West Point, N.Y. — America is beautiful. That, briefly, was the message that threaded through the former hostages' first formal meeting with the American press. Forty-one of the 52 ex-hostages attended the slightly more than 45-minutes of questions and answers at cavernous Eisenhower Hall here at the US Military Academy high on the bluffs above the Hudson River.
They told of their hopes, uncertainties, prayers, and out-and-out fears during 444 days in Iranian captivity. Some praised former President Carter's efforts to gain their release. Generally, they refused to cite specific instances of physical abuse by the Iranian militants even though this was a persistent question from reporters.
The overall tone seemed upbeat. A few instances of humor cascading into laughter found their way into the conference. Some of the returnees spoke of the bonds of unity that had developed between them over the long hard days -- bonds fashioned by mutual assistance, strengthened faith, and, of course, mutual suffering.
Speaker after speaker also played down the emotional problems that reportedly were daunting some of the freed Americans and said that any such problems that do exist would be dealt with by a return to normalcy in their lives.
L. Bruce Laingen, former charge d'affaires of the US Embassy in Tehran, spoke of the unswerving support the hostages received from families, friends, and the nation. "Behind those curtains over there sit our families, some of the most beautiful people in the world," he said. "They have demonstrated a nobility of courage we will never forget."
In speaking of their welcome home, Laingen said "We are grateful for that demonstration of small-town America. We saw that and we knew we were home," Laingen said. "I want to tell all of America we saw you.It is evidence that America is strong, that America has heart."
Laingen continued "Never has a smaller group owed so much to so many."
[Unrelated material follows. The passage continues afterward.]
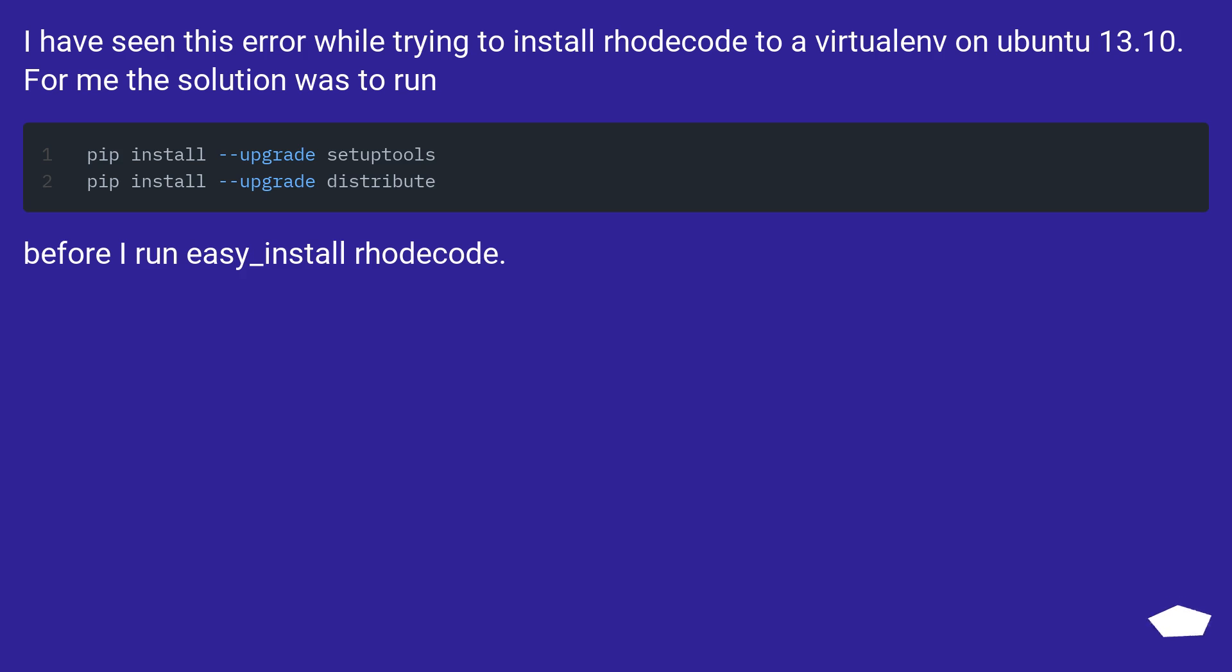I have seen this error while trying to install RhodeCode to a virtualenv on Ubuntu 13.10. For me the solution was to run sudo apt-get install before I run easy_install RhodeCode.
In one of the most touching moments of the entire cold, gray morning here, the ex- hostages were asked if they felt like heroes. "No, I didn't," declared ex-hostage Bruce W. German. But, Mr. German added, he did feel that and all the others had contributed to "the unity of the nation."
Young marine Sgt. William Gallegos refused with equal alacrity to describe exactly how he was mistreated by his Iranian captors, although he did allude to the fact that mistreatment occurred.
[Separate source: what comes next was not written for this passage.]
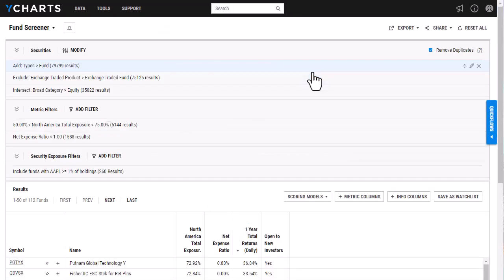Once I select save as here and type in a name, I can then pull this fund screener into different tools such as our comp tables, our time series, and I can do some more data analysis from there as well. If you have any questions on our fund screener tool, please reach out to your designated account manager.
Kathryn L. Koob, who held her own impromptu religious services, told of one joyful time during the Christmas season when she sang a family Christmas carol. Her family and the world later heard her when her captors released a videotape. "Christmas to us in our family," she told those assembled here, "is centered around the Christ child and our worship service."
She maintained under stiff questioning that she was never discriminated against for her religous views, a statement that contradicts some of the reports that drifted out of Iran earlier.
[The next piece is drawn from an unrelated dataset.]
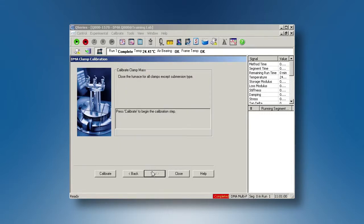close the furnace from the instrument touchscreen, then click on calibrate.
An immaculately dressed William J. Daugherty said that his cell was small. He also said he was not physically abused. Mr. Daugherty's comments about the size of his cell prompted another former hostage to remark that "you had a big one," a comment attended by a burst of laughter in the hall.
Some of the responses may have been tempered by Laingen's opening statement that definitive answers to many questions could not come until certain "policy questions" had been decided and after the ex-hos tages had had sufficient "time to reflect."